Is it normal to take tens of minutes to remote 1.1TB of data? I figured zfs would be able to delete almost any amount of data in almost no time at all...

What could be going on?
 

cmorgan

Cadet
Joined
Oct 29, 2019
Messages
9
Also, it does look like the zpool scrub is in progress now but it wasn't the first time I tried 'rm -rf ./directory'

It's about 4.8% complete, 4.5 hours to go.
 

cmorgan

Cadet
Joined
Oct 29, 2019
Messages
9
Alright, so the scrub was certainly slowing it down, paused that via 'zpool scrub -p main_pool' but its still terribly slow to delete:

root@freenas[/mnt/main_pool/cmorgan]# du -sch timemachine
1.0T timemachine
1.0T total
root@freenas[/mnt/main_pool/cmorgan]# du -sch timemachine
996G timemachine
996G total
root@freenas[/mnt/main_pool/cmorgan]# du -sch timemachine
995G timemachine
995G total
root@freenas[/mnt/main_pool/cmorgan]#
root@freenas[/mnt/main_pool/cmorgan]# du -sch timemachine
985G timemachine
985G total
root@freenas[/mnt/main_pool/cmorgan]# du -sch timemachine
985G timemachine
985G total
root@freenas[/mnt/main_pool/cmorgan]# du

Each one of the is maybe a few minutes apart.
 

joeschmuck

Old Man
Moderator
Joined
May 28, 2011
Messages
10,994
I've had some slow deletions before and it sucks when it happens. So a few things... Reboot FreeNAS (power off the system). Try to delete the files again. Do you have any VM's/Jauls/Docker running? Stop them. You have 8GB RAM, not much and I'm thinking you are possibly running a SMART Log Test on your drives or running VMs and running out of RAM so there is a log of caching going on. When you type top can you see any other items using the hard drives? Are you using laptop hard drives which are known to be slow. Maybe a better description of your system is also in order. But your hardware may be substandard and you might just need to wait for the files to delete.

Regardless of the situation, I hope you figure out the cause but the main goal is to get timemachine back running normally.
 

ornias

Wizard
Joined
Mar 6, 2020
Messages
1,458
It basically a known ZFS issue by now.
It does the actuall deletion in the background, although a reboot almost always fixes the issue...
 

cmorgan

Cadet
Joined
Oct 29, 2019
Messages
9
I've had some slow deletions before and it sucks when it happens. So a few things... Reboot FreeNAS (power off the system). Try to delete the files again. Do you have any VM's/Jauls/Docker running? Stop them. You have 8GB RAM, not much and I'm thinking you are possibly running a SMART Log Test on your drives or running VMs and running out of RAM so there is a log of caching going on. When you type top can you see any other items using the hard drives? Are you using laptop hard drives which are known to be slow. Maybe a better description of your system is also in order.
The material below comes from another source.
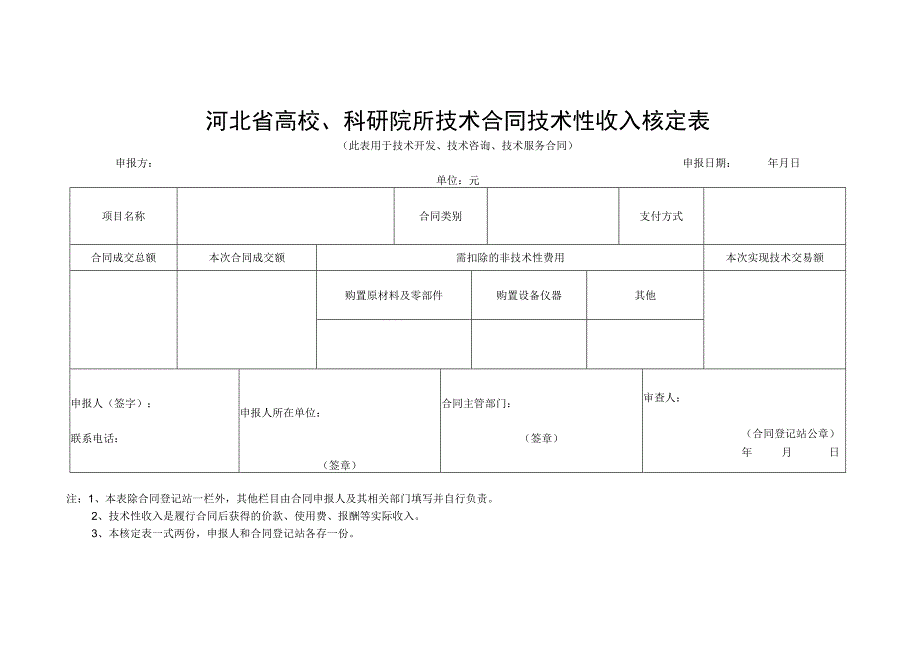 技术合同技术性收入核定表.doc】已下载25次.docx_第1页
But your hardware may be substandard and you might just need to wait for the files to delete.

Regardless of the situation, I hope you figure out the cause but the main goal is to get timemachine back running normally.


Hi Joe.

No VMs or jails running. Upgraded to TrueNAS 12.0 and its deleting slightly quicker but still took a couple of hours to delete the 1TB of data (just finished). Top wasn't showing any high cpu processes. They are WD nas drives, 5200 rpm or something.
 

ornias

Wizard
Joined
Mar 6, 2020
Messages
1,458
Hi Joe.

No VMs or jails running. Upgraded to TrueNAS 12.0 and its deleting slightly quicker but still took a couple of hours to delete the 1TB of data (just finished). Top wasn't showing any high cpu processes. They are WD nas drives, 5200 rpm or something.
How full was your pool at that time?
 

ornias

Wizard
Joined
Mar 6, 2020
Messages
1,458
To be clear:
rm -Rf takes a long time, or the space takes a long time to free?
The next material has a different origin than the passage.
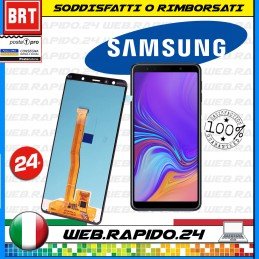 DISPLAY LCD+TOUCH SCREEN SAMSUNG GALAXY A7 2018 SM-A750 A750F SCHERMO VETRO_24H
I the last case, is there any issues this is causing you? (considering you need to have 10-20% freespace for ZFS anyhow)
Not saying your issue is minor, it isn't and it's freaking weird at times... Just interesting if there is a really issue being caused by this.
 

cmorgan

Cadet
Joined
Oct 29, 2019
Messages
9
To be clear:
rm -Rf takes a long time, or the space takes a long time to free?

I the last case, is there any issues this is causing you? (considering you need to have 10-20% freespace for ZFS anyhow)
Not saying your issue is minor, it isn't and it's freaking weird at times... Just interesting if there is a really issue being caused by this.

'rm -rf ./directory' took 2+ hours to complete. I'd be fine if the space was freeing up in the background though. I'm just wondering too if its related to why timemachine is taking forever to backup. If it takes 2+ hours to delete I can only imagine how long it might take to compare and back up the new files.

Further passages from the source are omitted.